The Mayo Clinic under the leadership of CEO Dennis Cortese, M.D., has released a payment reform proposal to Congress based on value-based indexing, meaning payment would be based much less on volume of services, and much more on quality and efficiency (Q/C = value).

It’s an interesting payment reform concept (strongly supported by Harvard Business School and various physician-friendly economists) that would require the creation of a value index within the formula used to determine Medicare physician fees.

(For those interested in the related specific policy details, their proposal eliminates the current geographic indexing of the physician work component of the fee schedule, and applies instead a value index to the work component.  It does not change the indexing of practice expense or malpractice expense. While the current fee schedule formula applies the geographic index to 25% of the work component, and there is currently a temporary floor at 1.0, the Mayo proposal applies the value index to the entire work component and there is no floor or ceiling).

While not everybody will like (much less fully understand) this, it could possibly be a way out of the mess we’re in. Of course the devil’s in the details, but in looking through the Mayo proposal, many of the methods proposed involve (real or virtual) integrated systems. The College is exploring “virtual integration” concepts that we would suggest to CMS as “pilots in payment reform.”

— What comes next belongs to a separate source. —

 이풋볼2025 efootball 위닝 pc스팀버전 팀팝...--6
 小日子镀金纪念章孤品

But, there is also a “patriotic cause” here in promoting "value" as a pathway to reduce the risk of a bankrupted or much diminished system of rationing in the near future. In addition, I suggest we also consider a potential patient and physician opportunity here, were we able to design and recommend a 'value' approach that both allows a systematic means of improving quality, and also providing a real upside for physician practices.

Present, Past and Future
It ain't easy
, but that's because we have for decades been immersed in a frustrating, dizzyingly complicated, and volume-based reimbursement concept that we seem to be clinging to, hoping that we can tweak it to viability. I don’t believe we can. The current payment model needs to be replaced in carefully planned phases. I predict that in the future cardiologists and most physicians will compete on and be paid by market-based salaries (with quality and patient satisfaction incentives). Practice organizations will administratively interact with the payment formulas and models of tomorrow, which will also be freeing doctors to spend more time with their patients, while reducing administration costs enormously. However, administrative “liberation” should not mean that physicians should ignore the responsibility for leadership of their practices in the future. Quite the contrary -- if we had not in the past abrogated such leadership, we wouldn’t be saddled with the dysfunctionality of the current payment system!

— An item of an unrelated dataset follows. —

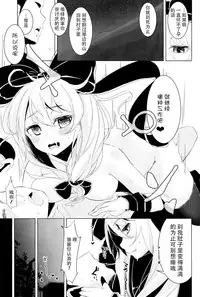 (C86) [Yaburi Dokoro (Hakano Shinshi)] Hina-chan ni Tanetsuke Shite Shiawase ni Naru Hanashi (Touhou Project) [Chinese] [CE家族社]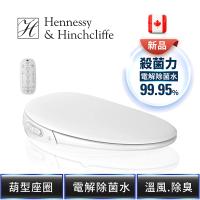 【Hennessy&amp;Hinchcliffe】【弧型水箱適用】瞬熱電解除菌水免治馬桶座(B03E標準型)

I applaud Mayo for suggesting a potential pathway to a better future for doctors, patients, and society. But most of medicine is hardly positioned to participate as easily as Mayo and other integrated systems might. We need to work with ‘non-integrated’ practices to get them ready for the coming changes, not just to survive, but rather to thrive. Nothing is more important for us in my opinion. I think we’re up to the challenge; but we’ll need to work together to educate, experiment, and make such a transition possible for most members.